Cette queston de monnaie qui serait utilisée au Québec va revenir sur le tapis un jour ou l'autre. Ça va être délicat à traiter. C'est pourquoi les chefs indépendantistes en parlent peu parce que je crois qu'ils se demandent comment aborder ça sans faire peur aux Québécois.
Je me demande ce que va préconiser le PI à ce sujet vu qu'ils ne veulent pas trop avoir de liens avec le ROC avec une banque centrale à Ottawa si on se sert de l'argent canadien.
Archives de Vigile Répondre
7 mars 2008Très beau et intéressant texte M. Couturier dont une de vos très justes conclusions est : En proie à la zizanie, comment peuvent-ils espérer convaincre l’ensemble de la population ?»
Vous mentionnez aussi que la faut revient aux promoteurs du projet si la souveraineté n'a pas passé en 1980 et 1995.
Si la souveraineté du Québec n'est pas encore passée, ce n'est pas le faute aux promoteurs Messieurs René Lévesque et Jacques Parizeau, Lucien Bouchard et Mario Dumont qui avaient de très bonnes équipes et de solides arguments mais, pour les raisons suivantes :
1- La peur de l'inconnu, de problèmes financiers comme : qu'est-ce qui va arriver avec nos épargnes en argent canadien, est-ce qu'ils vont convertir ça en épargne en argent québécois et aussi la peur de la vengeance du ROC et des Américains qui auraient été tentés de ne pas nous reconnaitre et de nous boycotter nos exportations en plus.
2- Le désir d'un certain nombre de conserver leur citoyenneté canadienne.
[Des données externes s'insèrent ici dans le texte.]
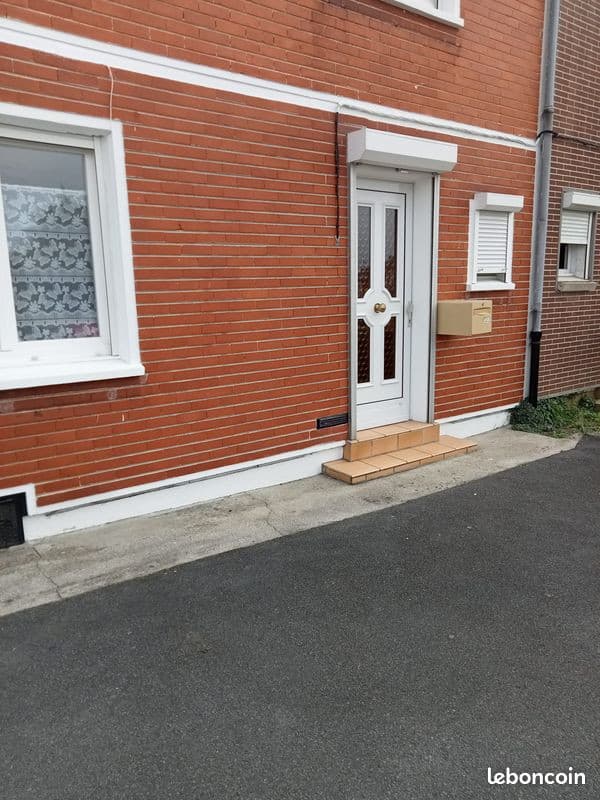 Location maison meublée2chambres un bureau 1 garage sur cambrai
Faut penser que les francophones étaient des Canadiens bien avant les anglophones.
3- Le vote en bloc NON des anglophones et allophones, anciens ou nouveaux arrivés au Québec.
4- Le manque de frustration des Québécois qui ne se sentent pas très opprimés dans le Canada qui est un des plus prospères pays au monde. Quand on a son char, son bungalow, un bon travail, de l'épargne et personne pour nous martyriser comme au Kosovo ou en Palestine, il est difficile de se sentir victime, principalement après les améliorations apportés au Québec par le PQ : mise ne place des conditions pour que les Québécois prennent une bien meilleure place dans l'économie, protection du français avec la loi 101 et autres bonnes lois passées par lui après la prise de pouvoir en 1976.
Les souverainistes n'iront pas loin si ils continuent de se critiquer et de se séparer entre eux à la place de se concentrer à séparer le Québec du ROC.